Asistimos a un genocidio por parte de un Estado engarzado a Occidente, y a gran parte de la política y la sociedad le resbala. Este doble espanto pone patas arriba nuestro cuadro europeo de valores desde hace un trimestre. No es cierto que la matanza sistemática de Israel, que a bombazo sucio ha asesinado ya a miles de niños y niñas, nos resulte insoportable. Pedro Sánchez ha subrayado ese adjetivo al menos en tres ocasiones (el 1, el 4 y el 24 de diciembre). Calificativo tan necesario e higiénico que parece salvar los muebles de nuestra conciencia, cuando un día sí y otro también se topa con los cadáveres de una infancia atormentada en Gaza. Pero pasadas ya las Navidades, época por excelencia de los buenos deseos, el discurso del presidente del Gobierno español apenas consigue reconfortar, porque el efecto de arrastre de sus palabras ha sido casi nulo, y en el fondo soportamos sin mayores zozobras las tropelías perpetradas por Israel con bendición estadounidense.
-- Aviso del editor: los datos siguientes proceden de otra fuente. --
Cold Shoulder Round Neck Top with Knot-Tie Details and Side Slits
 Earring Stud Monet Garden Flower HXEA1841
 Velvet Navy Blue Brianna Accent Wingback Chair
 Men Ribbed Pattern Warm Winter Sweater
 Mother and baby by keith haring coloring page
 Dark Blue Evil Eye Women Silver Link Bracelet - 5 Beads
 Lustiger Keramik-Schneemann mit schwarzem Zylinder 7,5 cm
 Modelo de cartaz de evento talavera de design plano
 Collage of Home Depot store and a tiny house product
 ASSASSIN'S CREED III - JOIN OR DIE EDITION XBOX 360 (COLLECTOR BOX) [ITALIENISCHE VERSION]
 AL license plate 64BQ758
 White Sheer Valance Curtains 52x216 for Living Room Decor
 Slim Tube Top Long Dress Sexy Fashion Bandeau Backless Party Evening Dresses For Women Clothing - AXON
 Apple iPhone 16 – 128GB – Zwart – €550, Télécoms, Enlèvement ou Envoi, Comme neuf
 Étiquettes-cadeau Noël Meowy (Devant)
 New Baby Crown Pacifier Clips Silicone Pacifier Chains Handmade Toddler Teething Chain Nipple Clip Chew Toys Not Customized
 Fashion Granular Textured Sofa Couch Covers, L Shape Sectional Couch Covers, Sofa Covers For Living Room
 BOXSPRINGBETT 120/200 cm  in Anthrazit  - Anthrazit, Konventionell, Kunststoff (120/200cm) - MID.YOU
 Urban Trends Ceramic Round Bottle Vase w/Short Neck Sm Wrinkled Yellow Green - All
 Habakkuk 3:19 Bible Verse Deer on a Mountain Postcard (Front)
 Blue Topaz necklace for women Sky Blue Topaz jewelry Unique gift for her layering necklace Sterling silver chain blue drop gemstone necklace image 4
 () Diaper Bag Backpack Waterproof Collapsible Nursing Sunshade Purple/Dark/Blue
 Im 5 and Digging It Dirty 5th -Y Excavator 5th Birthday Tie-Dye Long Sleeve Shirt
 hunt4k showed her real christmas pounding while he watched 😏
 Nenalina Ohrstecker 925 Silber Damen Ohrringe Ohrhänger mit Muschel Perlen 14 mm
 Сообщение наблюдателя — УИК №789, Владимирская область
Tal vez sea una impresión excesivamente pesimista, pero lo que parece predominar en el Estado y en Europa es una combinación de indiferencia, parsimonia y sumisión, cuando no un ambiente comprensivo de buena parte de la opinión pública y de la estructura política. Ello dibuja un gigantesco fracaso, el de una cultura inconsistente y falsaria sobre los derechos humanos, subordinada al cálculo y al freno activado por el hecho de que quien ahora los vulnera es Israel, con un terrorismo de Estado salvaje.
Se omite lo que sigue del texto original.